-------- Provided entries --------

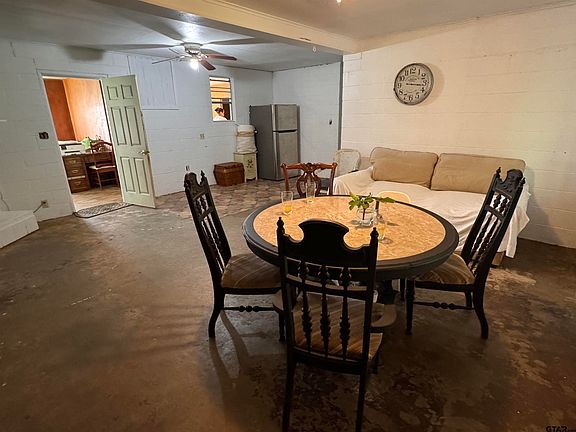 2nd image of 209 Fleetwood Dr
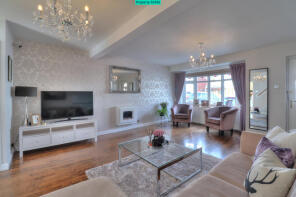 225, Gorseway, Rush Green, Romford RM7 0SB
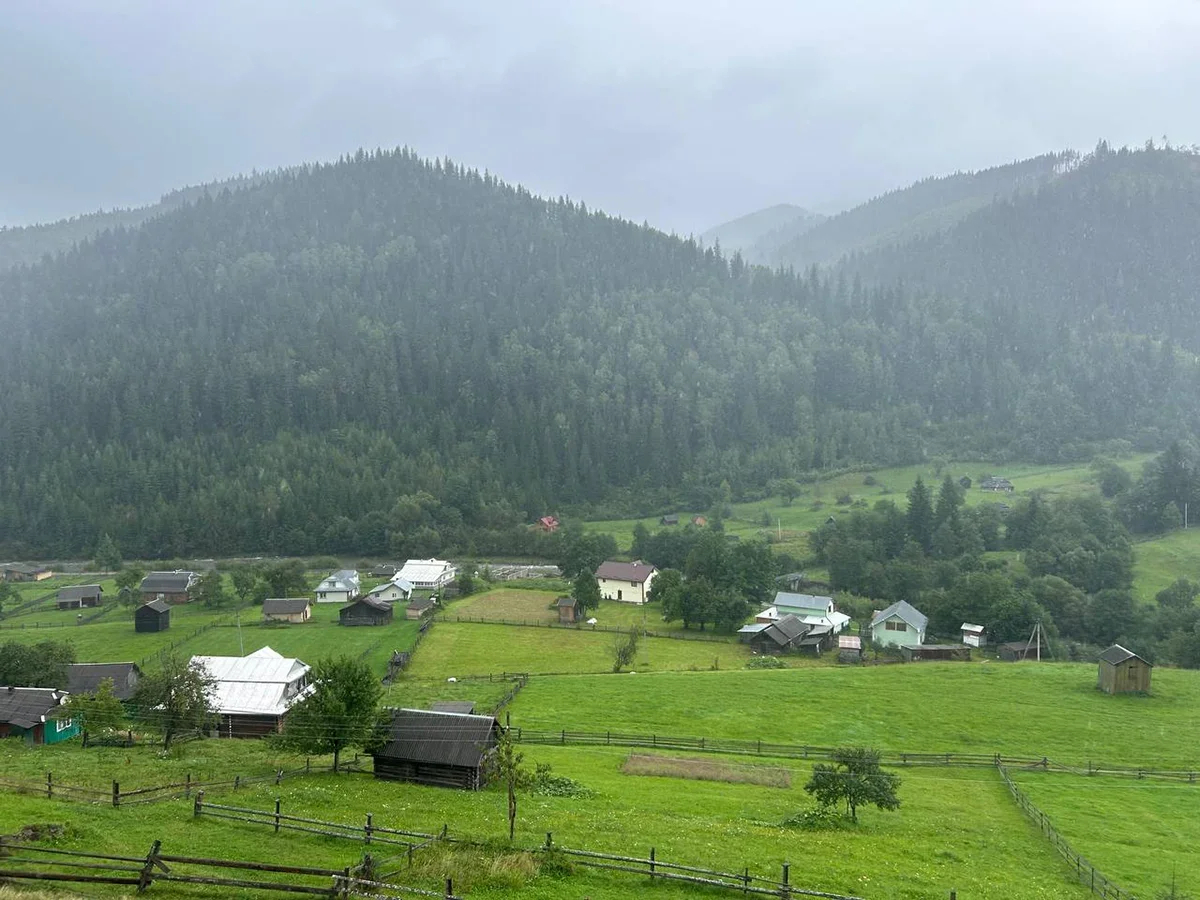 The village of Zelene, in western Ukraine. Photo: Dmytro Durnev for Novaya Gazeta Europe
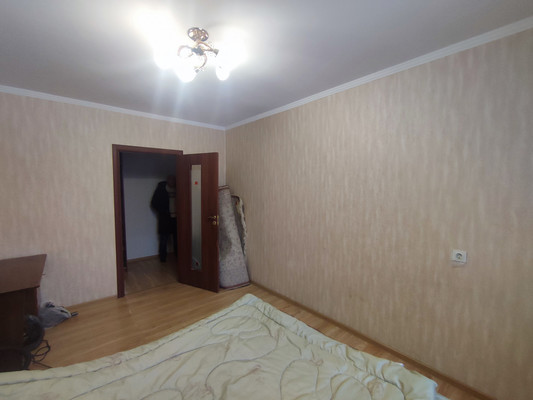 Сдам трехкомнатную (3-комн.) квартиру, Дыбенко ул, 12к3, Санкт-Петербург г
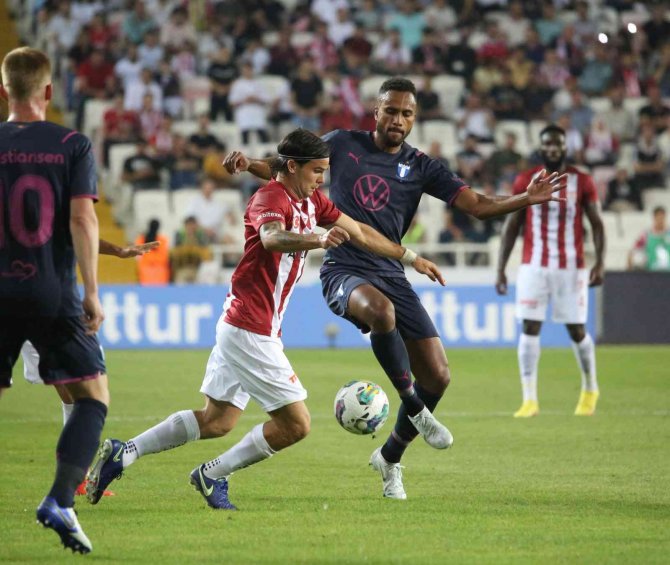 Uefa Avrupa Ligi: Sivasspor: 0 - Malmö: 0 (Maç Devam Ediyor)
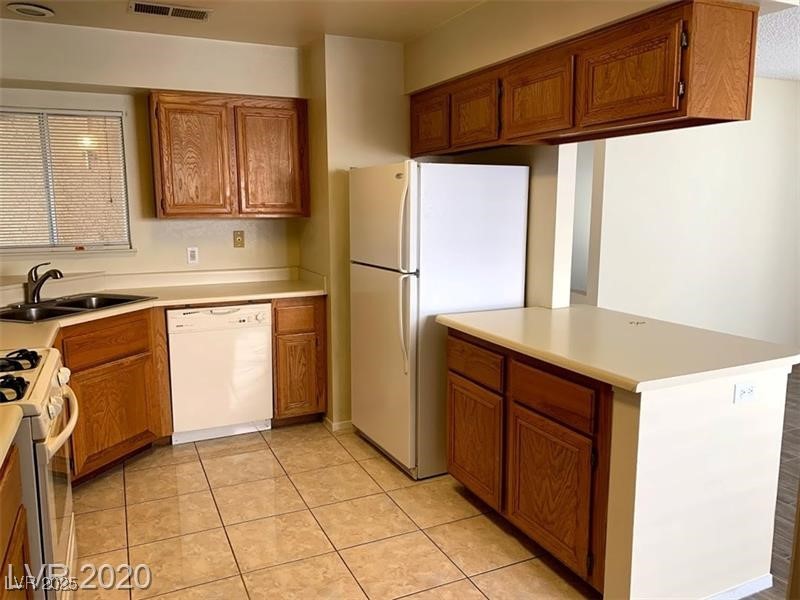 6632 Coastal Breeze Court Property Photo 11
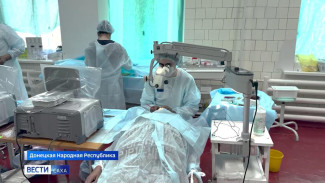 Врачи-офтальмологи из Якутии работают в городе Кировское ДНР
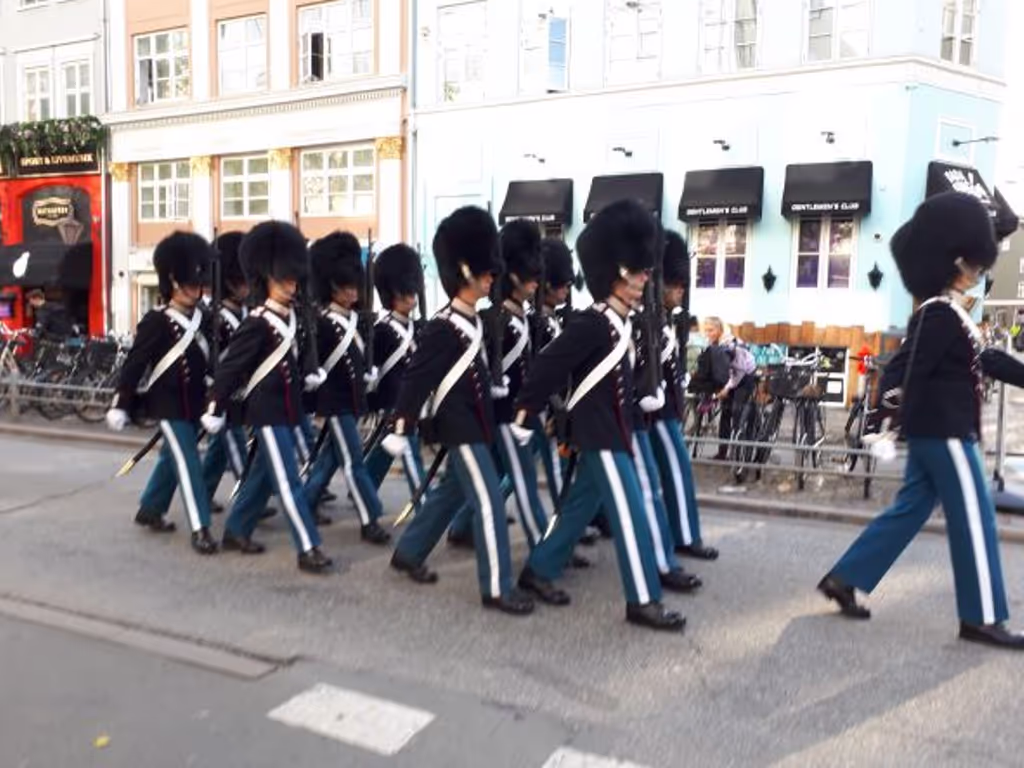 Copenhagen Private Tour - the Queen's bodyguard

--------
-------- Provided entries --------

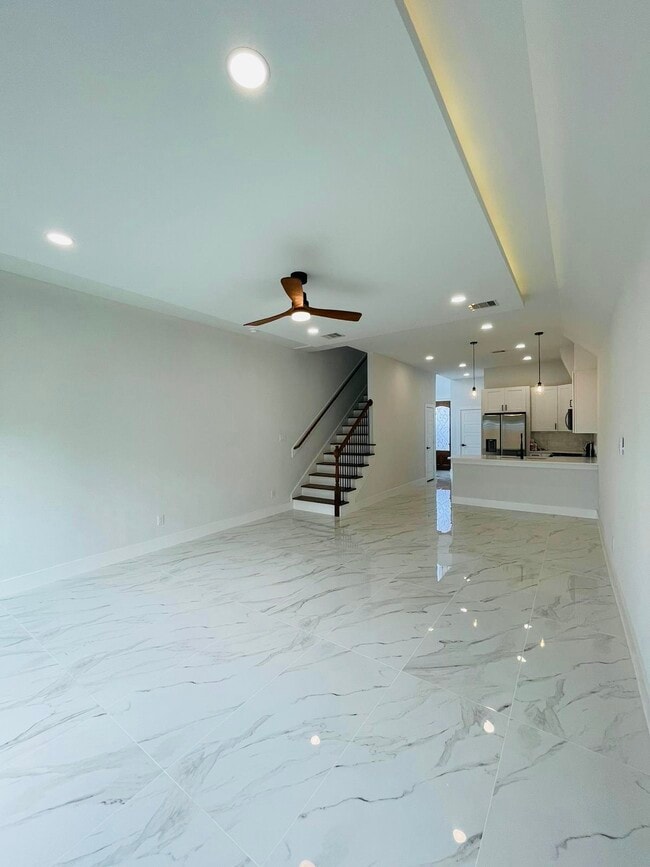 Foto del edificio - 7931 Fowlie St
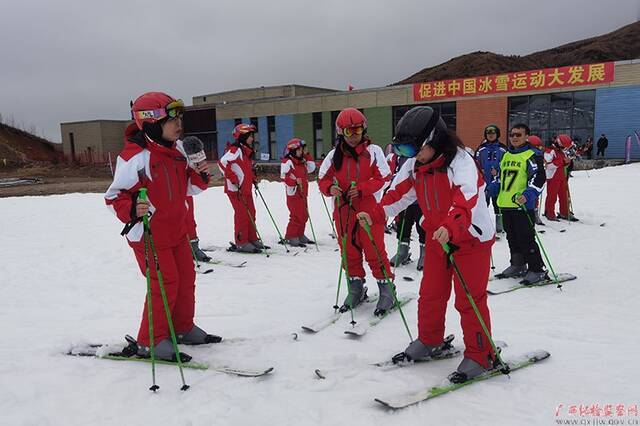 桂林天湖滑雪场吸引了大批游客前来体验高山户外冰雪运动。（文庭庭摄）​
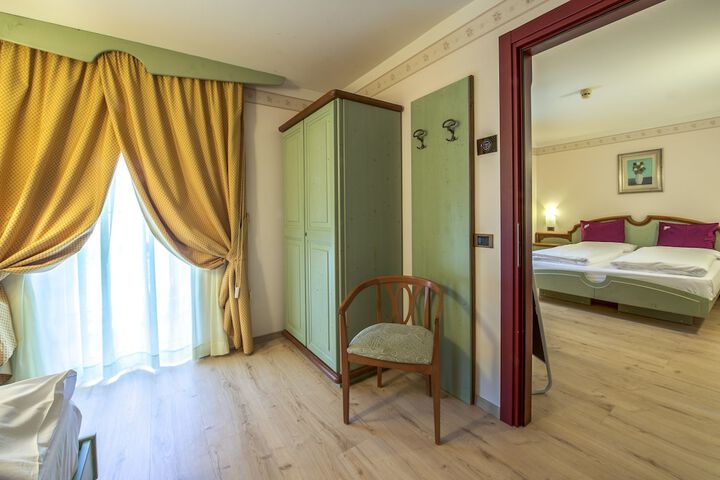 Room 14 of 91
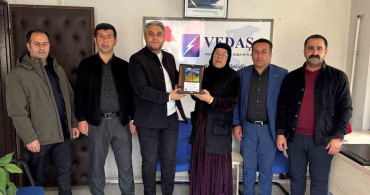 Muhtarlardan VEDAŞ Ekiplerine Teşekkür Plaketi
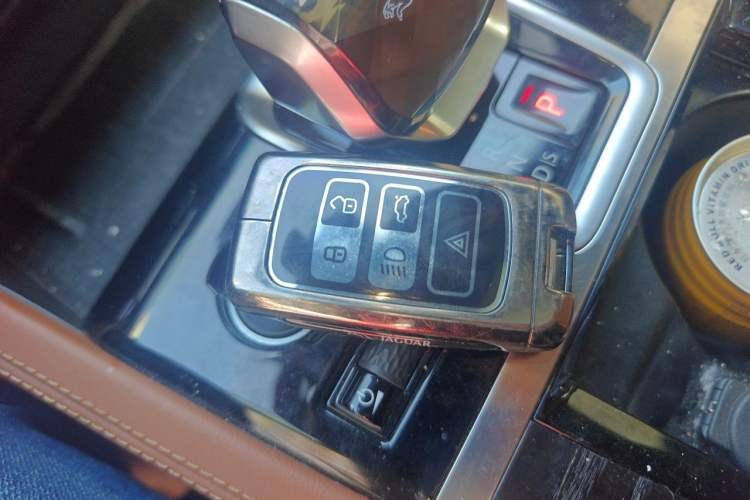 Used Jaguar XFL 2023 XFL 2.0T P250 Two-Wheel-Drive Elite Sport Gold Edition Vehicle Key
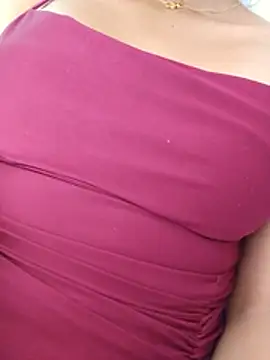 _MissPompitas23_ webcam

--------

What you have to do: Please copy out from the data above, without any picture, exactly the lines running from the one that holds "2nd image of 209 Fleetwood Dr" through the one that holds "Copenhagen Private Tour", and nothing beyond them.

Completed task:
 2nd image of 209 Fleetwood Dr
 225, Gorseway, Rush Green, Romford RM7 0SB
 The village of Zelene, in western Ukraine. Photo: Dmytro Durnev for Novaya Gazeta Europe
 Сдам трехкомнатную (3-комн.) квартиру, Дыбенко ул, 12к3, Санкт-Петербург г
 Uefa Avrupa Ligi: Sivasspor: 0 - Malmö: 0 (Maç Devam Ediyor)
 6632 Coastal Breeze Court Property Photo 11
 Врачи-офтальмологи из Якутии работают в городе Кировское ДНР
 Copenhagen Private Tour - the Queen's bodyguard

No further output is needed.